Sepulveda was slightly more forgiving, but also observes misgivings in the University.

"(The University) tries, but sometimes I notice there are priorities, like building a football stadium," he said. "Humanities in general are not very well-treated. There's no balance at all."

The campaign's co-creators plan to generate a petition, collect personal testimonies and, most important, encourage student involvement in budgetary issues and administrative decisions. The testimony collection, which will be placed in a permanent file of Sepulveda's, is intended to speak for the instructor's talent should another university consider him as a potential hire.

Those who have had him as an instructor are quick to tout his skills.

University senior Lorraine Dowty said Sepulveda encourages students to think about concepts in deeper ways, provoking compelling discussion and personal exploration. They met at a Tsunami Books poetry reading where Sepulveda not only read, but inspired Dowty to register for his class. Sepulveda also came highly-recommended from two of Dowty's graduated classmates.

Although Mendoza and Stull initiated the campaign in hopes of convincing the University to renew Sepulveda's contract, Mendoza said they have come to grips with the harsh reality that low budgets complicate retaining faculty.

Bill Rankin is a 75-year-old University graduate who sometimes sits in on Sepulveda's classes. He's covering the bases he missed in college.

"I'm here because I was never taught to understand outside my own culture," he said. "This is a serious problem. If we're going to have an important role in the world we have to know what the world is."

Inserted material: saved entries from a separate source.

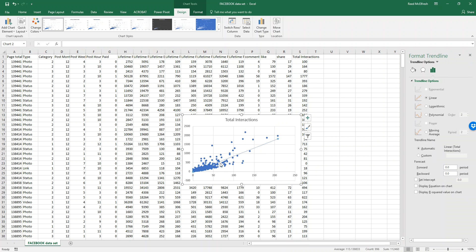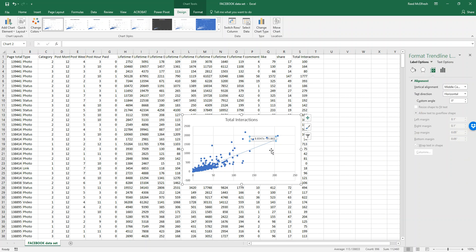Here's our trend line, and we can see it's a positive correlation. Now if we want to know the equation for our correlation, we can select over here and say display equation on chart. Right here is our equation, which we can then use to calculate the value of y (total interactions) based on any value of x (shares).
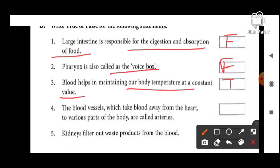Next: the blood vessels which take blood away from the heart to various parts of the body are called arteries — this is also true. Arteries ka kaam hai oxygenated blood ko heart se different parts of the body tak pohunchana.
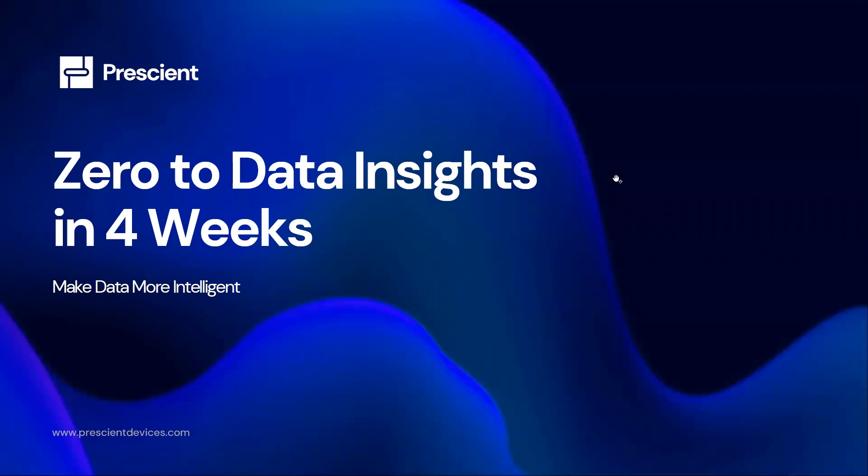In this video, we're going to show you how we can build a full-fledged data solution in under four weeks.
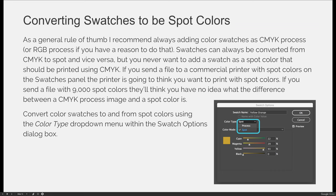Swatches can always be converted from CMYK to spot and vice versa, but you never want to add a swatch as a spot color that should be printed using CMYK. If you send a file to a commercial printer with spot colors in the swatches panel, the printer will justifiably assume you're expecting to print those colors using that specific ink as a spot color. I always add colors as CMYK process unless I absolutely know I want to print it as a spot color. Use the color type drop-down within the swatch options dialog box to convert, and as part of your pre-flight process you can double-check that all swatches are in the correct color mode.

Both Rankin and Mendoza, independently of one another, said Sepulveda is an instructor with the ability to open students' eyes to the world.

Nevertheless, that rare talent may not be enough for the University to renew the contract.

Despite Altmann's dismissal of race as a factor in either hiring or firing, Peña-Juárez finds the redundant situation "suspicious and convenient."

"It's hard to believe that it's entirely the budget when the first ones to be cut are professors of color," he said.

Peña-Juárez stressed the importance of forging a relationship between a student and an instructor, and said that's difficult to do when instructors can't stick around long enough to get to know their students. He said the ethnic studies professors he had as a freshman are no longer teaching at the University.